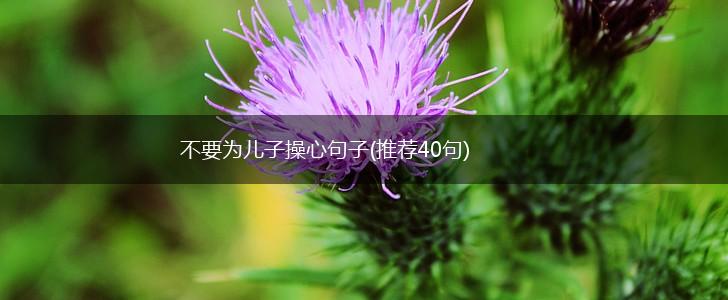 不要为儿子操心句子(推荐40句),第1张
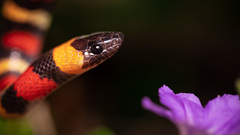 Lampropeltis annulata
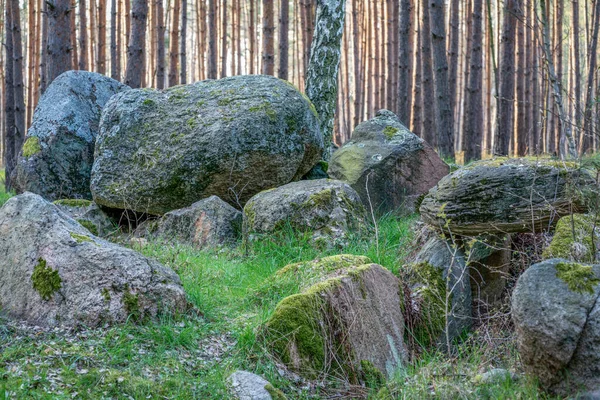 Prehistorická Megalitická Hrobka Kaisergrab Haldenslebenu Německu — Stock fotografie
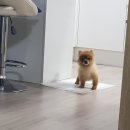 스마트동물병원 강동암사점 | 강아지 방광결석수술 :: 스마트동물병원 강동암사점 결석제거수술했어요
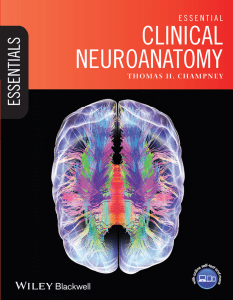 Essential clinical neuroanatomy ( PDFDrive )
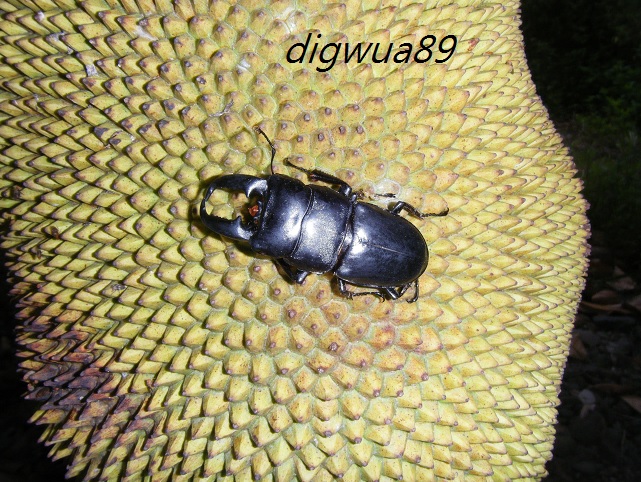 «ö¦¹¦b·sµøµ¡ÂsÄý¹Ï¤ù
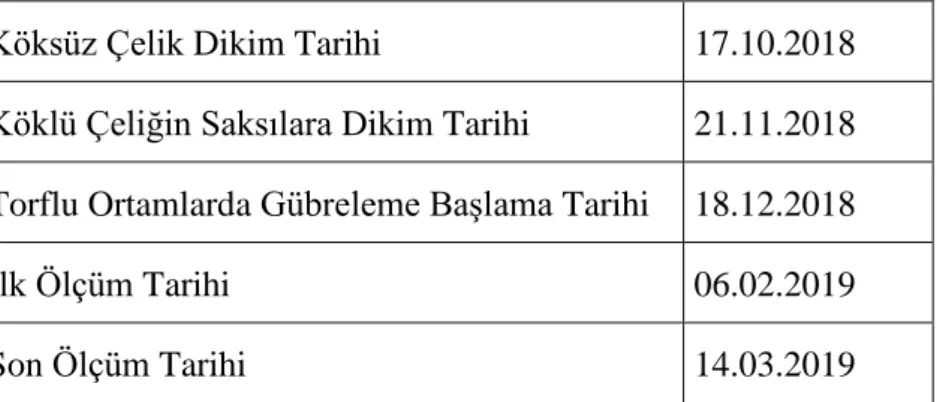 Çizelge 3.4 : Üretim planı.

════════

(TASK DETAILS)
All the records above must be retyped exactly, except for their pictures.

(EXERCISE ANSWER)
 不要为儿子操心句子(推荐40句),第1张
 Lampropeltis annulata
 Prehistorická Megalitická Hrobka Kaisergrab Haldenslebenu Německu — Stock fotografie
 스마트동물병원 강동암사점 | 강아지 방광결석수술 :: 스마트동물병원 강동암사점 결석제거수술했어요
 Essential clinical neuroanatomy ( PDFDrive )
 «ö¦¹¦b·sµøµ¡ÂsÄý¹Ï¤ù
 Çizelge 3.4 : Üretim planı.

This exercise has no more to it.